So I've been given this problem: $-14x^2 + 45x + 14 = 0$
And I've tried it a number of times but can't seem to solve it. The answer is supposed to be found by completing the square, and the solution is $(2+7x)(7-2x)$.
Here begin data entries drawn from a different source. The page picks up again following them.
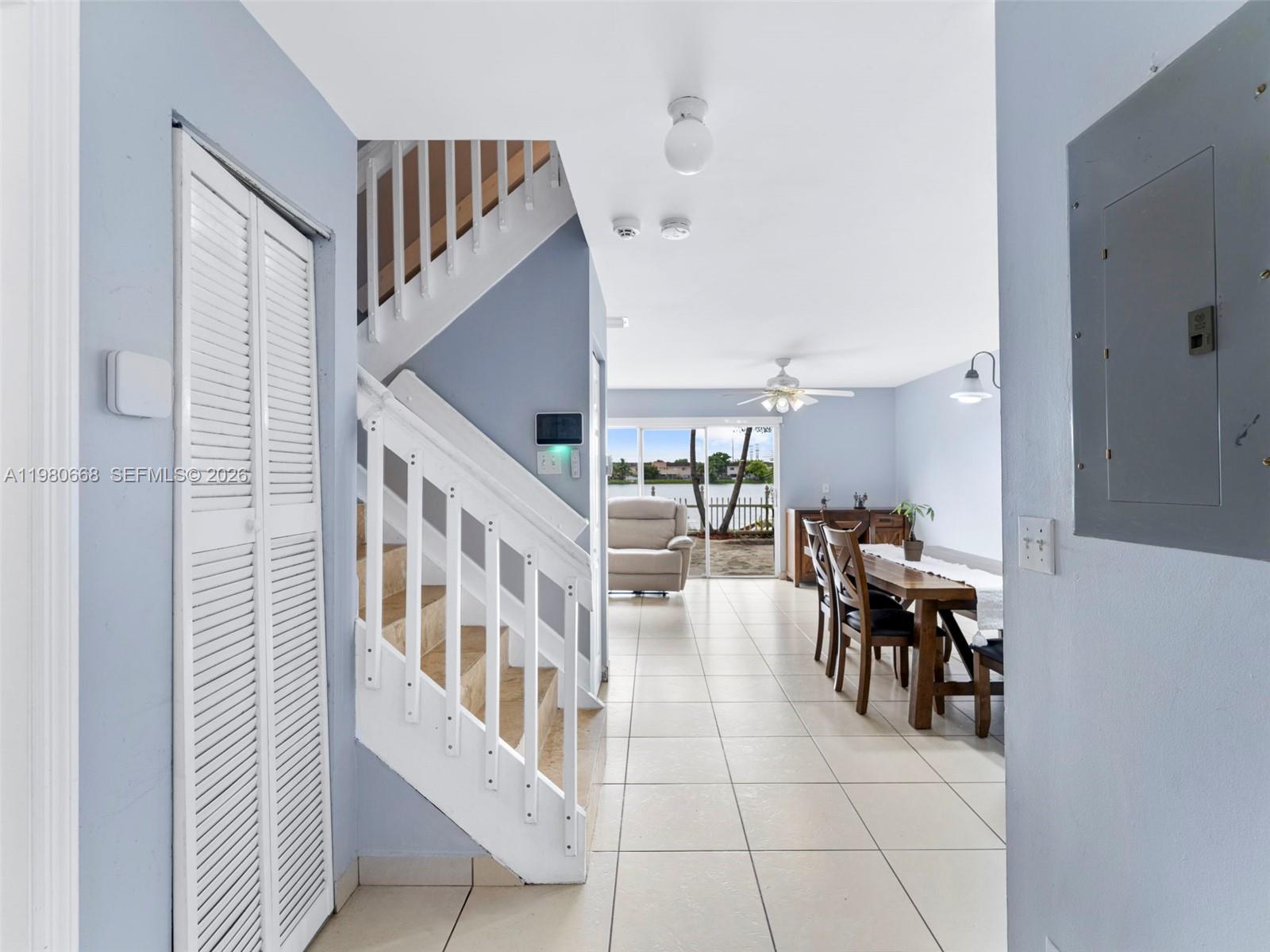 17337 Southwest 140th Court Miami, FL 33177 - Photo 5 of 41 a view of entryway and hall with dining room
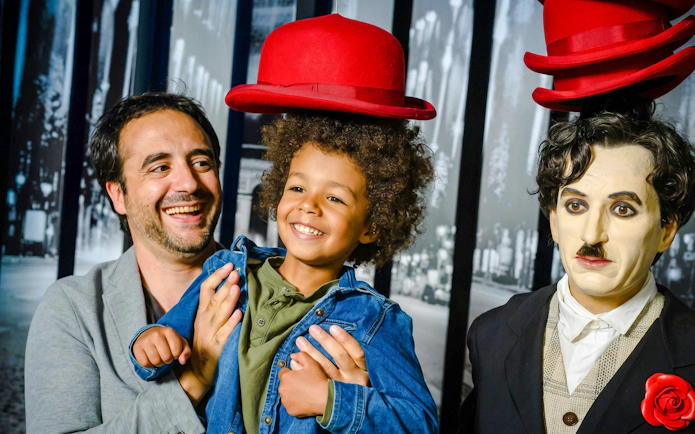 Man and child smiling next to a wax figure at Grévin Wax Museum, Paris.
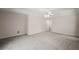 Bedroom with carpet, ceiling fan, and bright natural light at 2541 Lake Griffin Rd, Lady Lake, FL 32159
I end up with something along the lines of: $(x - \frac{45}{28} )^2 - \frac{1241}{784}$
Now we can take $a = (x - \frac{45}{28})$ and $b = \frac{1241}{784}$, so that we can use the formula $a^2 - b^2 = (a+b)(a-b)$, but I really don't see how that even approaches the given solution of $(2+7x)(7-2x)$.
One method of completing the square is to apply the formula $(a+b)(a-b)=a^2-b^2$ twice (once in each direction).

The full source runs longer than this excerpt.